Sean Cribbs - Latest Comments in Modeling a Tree in a Document Database - sean cribbs :: digital renaissance man

Re: Modeling a Tree in a Document Database - sean cribbs :: digital renaissance man

Luca Garulli — Mon, 04 Oct 2010 05:08:37 -0000

OrientDB is a document-graph dbms. The main difference with MongoDB and CouchDB is that all the relationships are stored as direct links. This speed up the load of entire trees and graphs of at least 10x.

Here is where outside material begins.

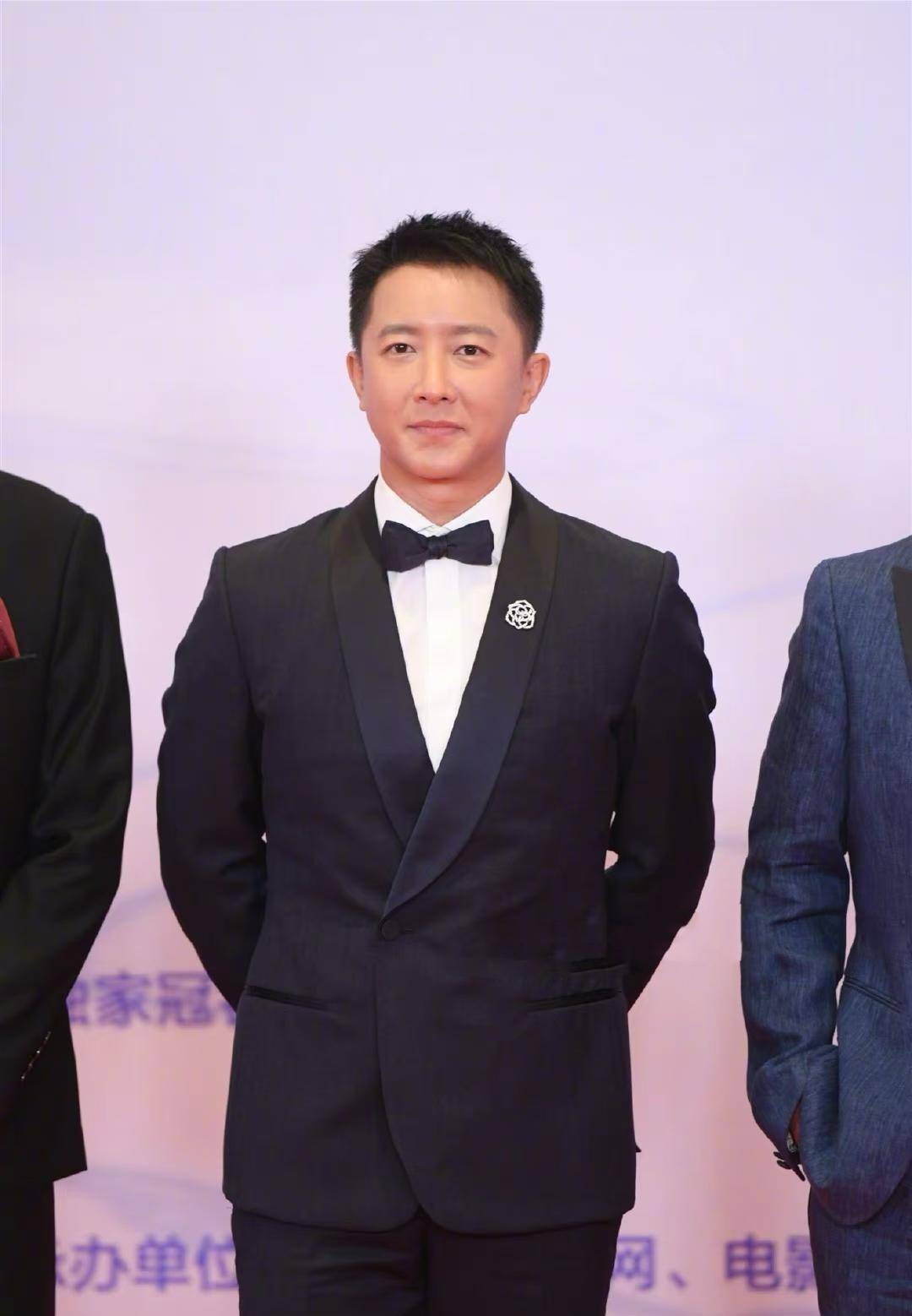 我们电影盛典众星状态:韩庚现幸福肥,70岁刘晓庆礼服心思多_身材_明星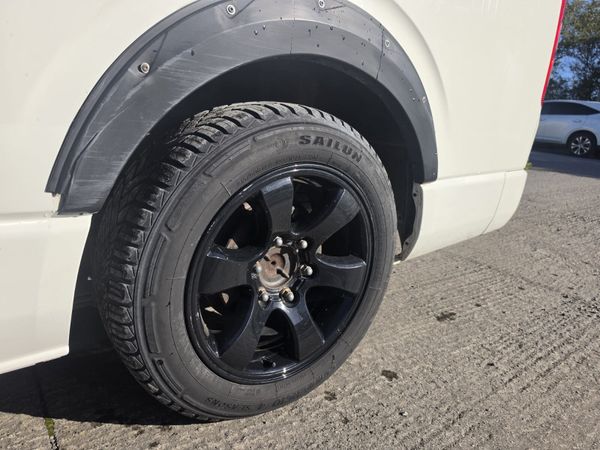 2011 Toyota HiAce Campervan 401032847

Re: Modeling a Tree in a Document Database - sean cribbs :: digital renaissance man

robtweed — Sun, 21 Feb 2010 13:22:21 -0000

You ought to also take a look at GT.M: its database is a naturally hierarchical schemaless architecture that makes the creation of trees very simple and natural. The new M/Wire protocol - http://www.mgateway.com/mwi... - is now making GT.M a very accessible database.

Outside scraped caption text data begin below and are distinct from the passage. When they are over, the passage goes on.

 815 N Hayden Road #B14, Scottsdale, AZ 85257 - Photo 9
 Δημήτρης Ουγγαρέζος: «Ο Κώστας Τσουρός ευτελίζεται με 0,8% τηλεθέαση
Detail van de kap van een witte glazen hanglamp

Re: Modeling a Tree in a Document Database - sean cribbs :: digital renaissance man

adamaig — Sat, 06 Feb 2010 21:12:11 -0000

It seems like this is one of those things that is solved when you start treating your runtime as separate than your datastore, and is actually why I asked @jnunemaker about including an identity map in mongo_mapper a few months back. If you add an id to each node of the tree for the tree it is in, you can index the tree id, and quickly pull all nodes into the IM. When you walk the tree then, you'd only be assembling the graph in memory since you'd always get a hit in the IM. Or am I missing something?

This makes the strong assumptions that you're most frequently accessing the tree from the root node, and that you'd always want the full tree, so if you want the ability to quickly load any subtree this is non-optimal.

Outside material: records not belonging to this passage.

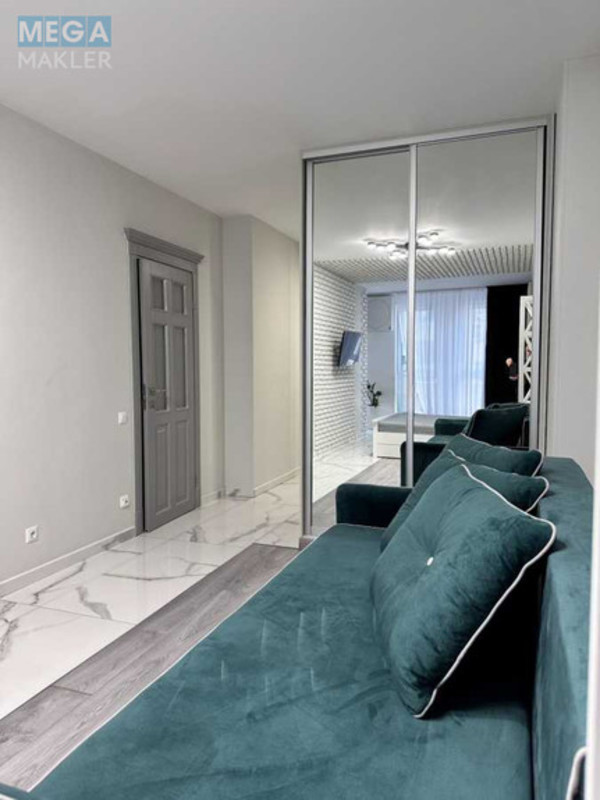 Оренда 1 кімнатної квартири, <a class="location-link" href="/kiev/" title="Недвижимость Київ">Київ</a>, <a class="location-link" href="/kiev/goloseevskij/" title="Недвижимость Голосіївський район">Голосіївський р-н</a>, Владимира Антоновича ул., 74 (изображение 4)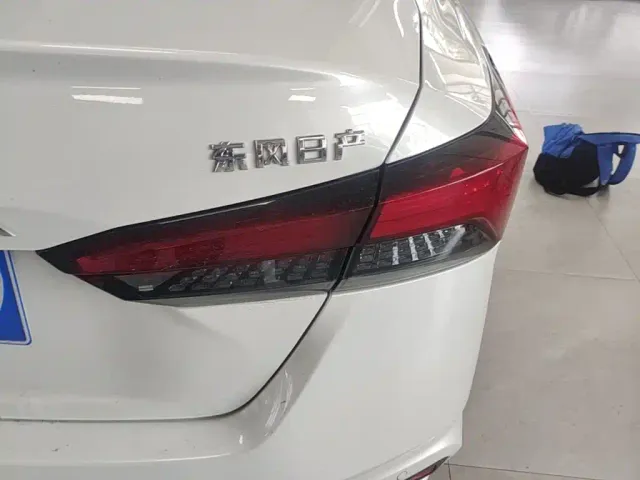Nissan Teana — Фото автомобиля 7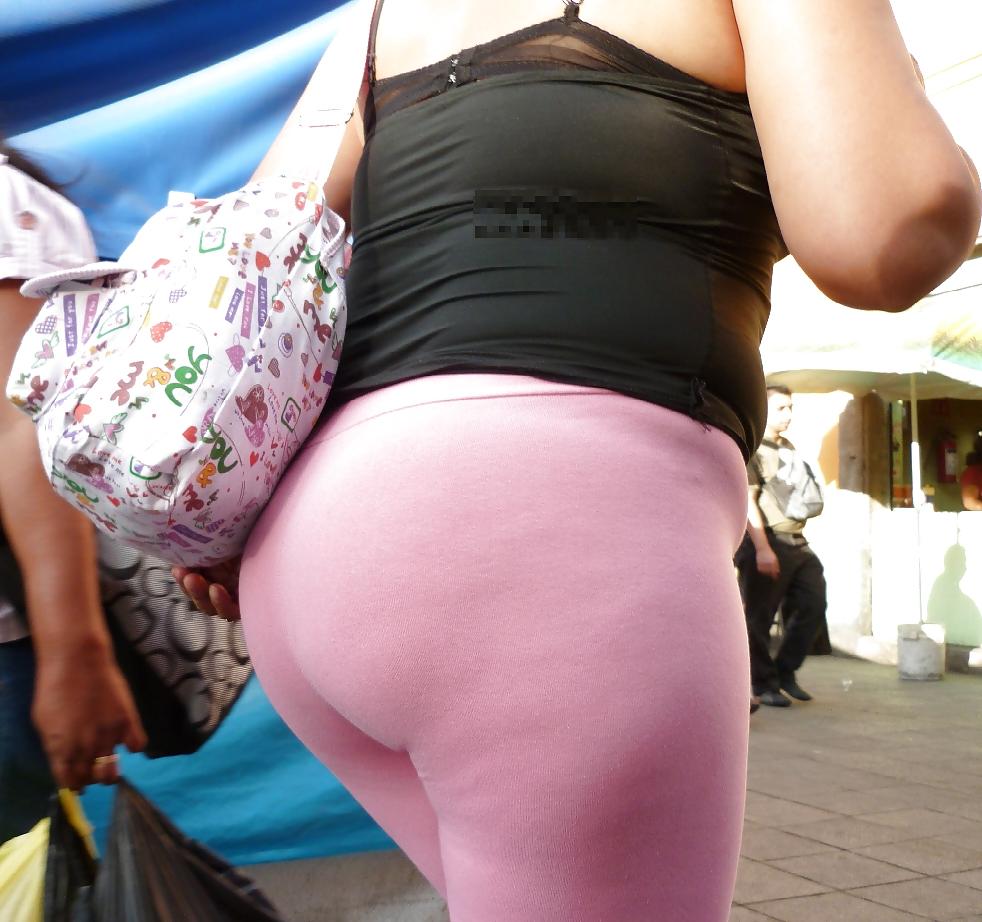 17P Prostitute pink pants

Re: Modeling a Tree in a Document Database - sean cribbs :: digital renaissance man

cemerick — Sat, 23 Jan 2010 22:17:20 -0000

It looks like these sorts of structures are made simpler in couch 0.11:

http://wiki.apache.org/couc...

Re: Modeling a Tree in a Document Database - sean cribbs :: digital renaissance man

jamieorc — Wed, 20 Jan 2010 23:17:20 -0000

@jnunemaker: can you give an example? Are the ancestors just a flat array or an array of arrays?

Re: Modeling a Tree in a Document Database - sean cribbs :: digital renaissance man

J Chris A — Wed, 20 Jan 2010 23:09:47 -0000

This is a good technique. It's simple and it also will scale (you can fragment the tree if it outgrows a single doc).

A common pattern in CouchDB is to cache the full path to the root on every node. Then a view lookup on the path will just work. The downside is you have to touch a lot of documents to do a high-level rename or move.

Re: Modeling a Tree in a Document Database - sean cribbs :: digital renaissance man

Marko A. Rodriguez — Sun, 17 Jan 2010 17:30:17 -0000

This is how I modeled a graph in MongoDB : http://bit.ly/6d6LKf ... I rely on indices of the _id property only. However, to traverse one step in a graph, it requires two queries --- one to get the edges of the current vertex, and then one to get the vertex to traverse to.

Re: Modeling a Tree in a Document Database - sean cribbs :: digital renaissance man

Sean Cribbs — Wed, 16 Dec 2009 19:24:10 -0000

Hogan, can you elaborate? You can only have one value per key in an JSON object, so I don't think I understand your solution.

Re: Modeling a Tree in a Document Database - sean cribbs :: digital renaissance man

Hogan Long — Wed, 16 Dec 2009 16:51:58 -0000

Make a heap.

{ "id:a","id:b", "id:c", "id:d", "null", "null", "null" }
Working with heaps is easy.
-- For those that don't know, child-right is index*2, child-left is index*2+1, parent is floor(index/2)
(if it gets to big, make heap of heaps... say 255 nodes or something)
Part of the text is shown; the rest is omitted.